It is well known that there are numerous declines in central neuronal functioning that can occur in aging in the absence of neurodegenerative disease. These alterations may be manifested as a loss of neurotransmitter receptor sensitivity such as: (1) muscarinic (Amenta et al., 1989; Araujo et al., 1990;Joseph et al., 1990; Sherman and Friedman, 1990; Vannucchi, 1991; Viana et al., 1992; Yufu et al., 1994; Egashira et al., 1996), (2) adrenergic (Burnett et al., 1990; Gelbmann and Muller, 1990; Gould and Bickford, 1997), (3) dopaminergic (Joseph et al., 1978; Roth and Joseph, 1994;Gould et al., 1996; Volkow et al., 1996; Araki et al., 1997;Zhang et al., 1997; Levine and Cepeda, 1998), and (4) opioid (Dondi et al., 1992; Kornhuber et al., 1996; Nagahara et al., 1996).
Although a great deal of research has been devoted toward the delineation of the most critical factors that may account for this functional neuronal loss in aging and enhanced loss in age-related neurodegenerative diseases [Alzheimer’s (AD) and Parkinson’s (PD) diseases], their specification has been elusive.

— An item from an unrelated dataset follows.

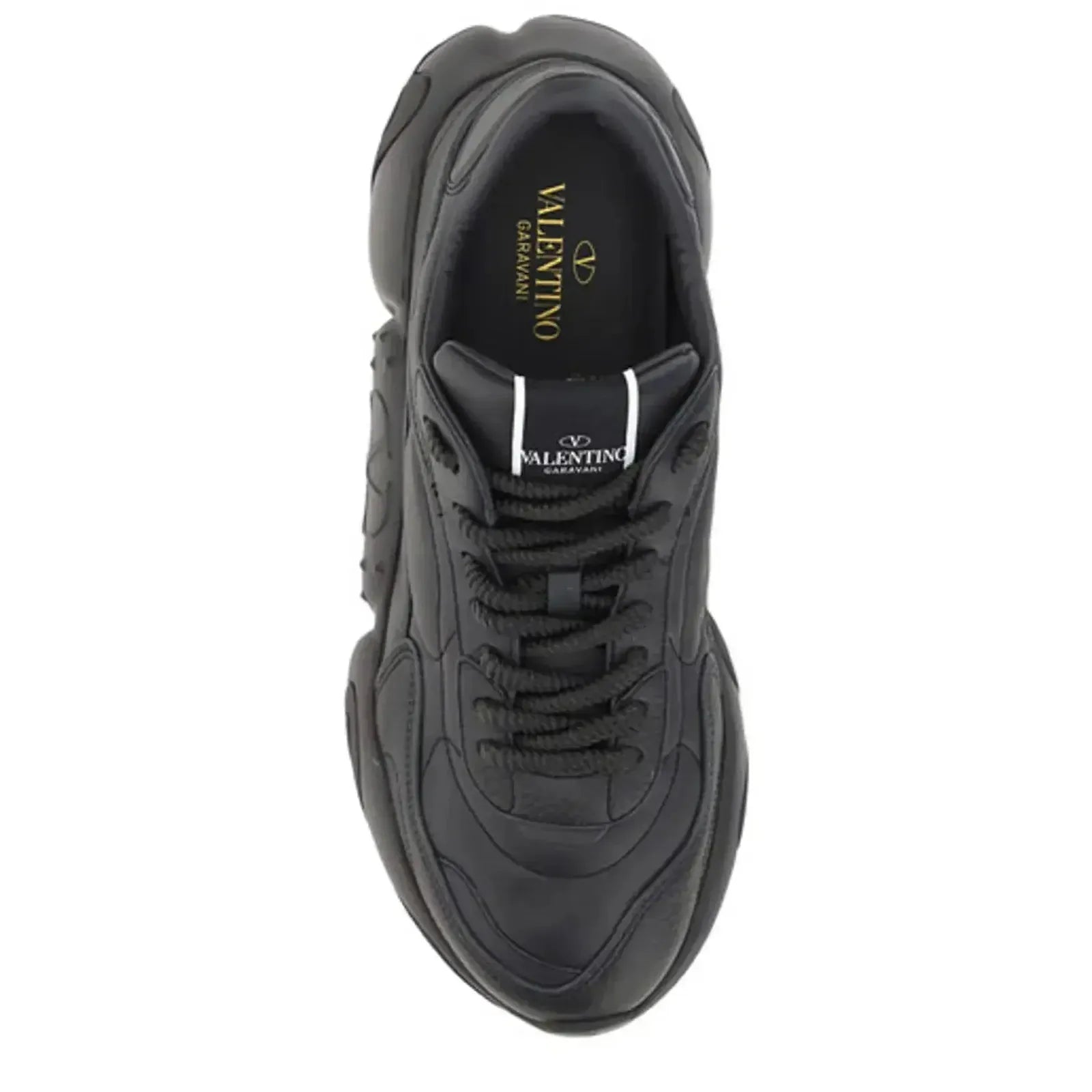Valentino Elevated Elegance Low-Top Leather Sneakers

However, recent studies have suggested that one of the most important may be age-related decrements in the ability to mitigate long-term oxidative stress (OS) effects. For example, OS may be a primary etiological factor in both AD (Finch and Cohen, 1997) and PD (Jenner, 1996), and there are increases in OS vulnerability as a function of age (Joseph et al., 1996). Evidence also indicates that there are reductions in endogenous antioxidants in aging (e.g., glutathione, Ohkuwa et al., 1997; and glutamine synthetase, Carney et al., 1994), with increases in lipid peroxidation (Migheli et al., 1994; Yu, 1994).
Given these considerations, we believed that it might be possible to counter dietarily the decreases in antioxidant protection that occur in aging by increasing the intake of fruits and vegetables identified as being high in antioxidant activity (Yamori and Horie, 1994; Cao et al., 1995, 1996; Meydani et al., 1995; Taylor and Nowell, 1997; Wang et al., 1996). Such consumption has already been found to reduce cancer incidence (Doll, 1990; Willett, 1994a,b) and ischemic heart disease (Hughes, 1995; Mayne, 1996).
In the brain, the consumption of the flavonoid glycosides of ginkgo biloba decreased memory impairment (Rai et al., 1991), difficulties in concentration (Kleijnen and Knipshild, 1992a,b), Ca+2-induced increases in neuronal oxidative metabolism (Oyama et al., 1993, 1994), and AD progression (Kanowski et al., 1996). Thus, present research was directed toward determining if the early appearance of decrements in receptor sensitivity (at 15 months of age in Fischer 344 rats), loss of calcium homeostasis (Landfield and Eldridge, 1994), and cognitive performance could be prevented by 8 months (6–15 months) of feeding of a control diet or diets containing vitamin E or extracts of strawberries or spinach. Strawberries and spinach have been identified previously (Cao et al., 1995, 1996; Wang et al., 1996) by the oxygen radical absorbance capacity (ORAC) assay as being high in antioxidant activity.
MATERIALS AND METHODS
The subjects consisted of 80 male Fischer 344 rats (Harlan Sprague Dawley, Indianapolis, IN). The rats were individually housed in stainless steel mesh suspended cages, provided food and water ad libitum, and maintained on a 12 hr light/dark cycle. All animals were observed daily for clinical signs of disease.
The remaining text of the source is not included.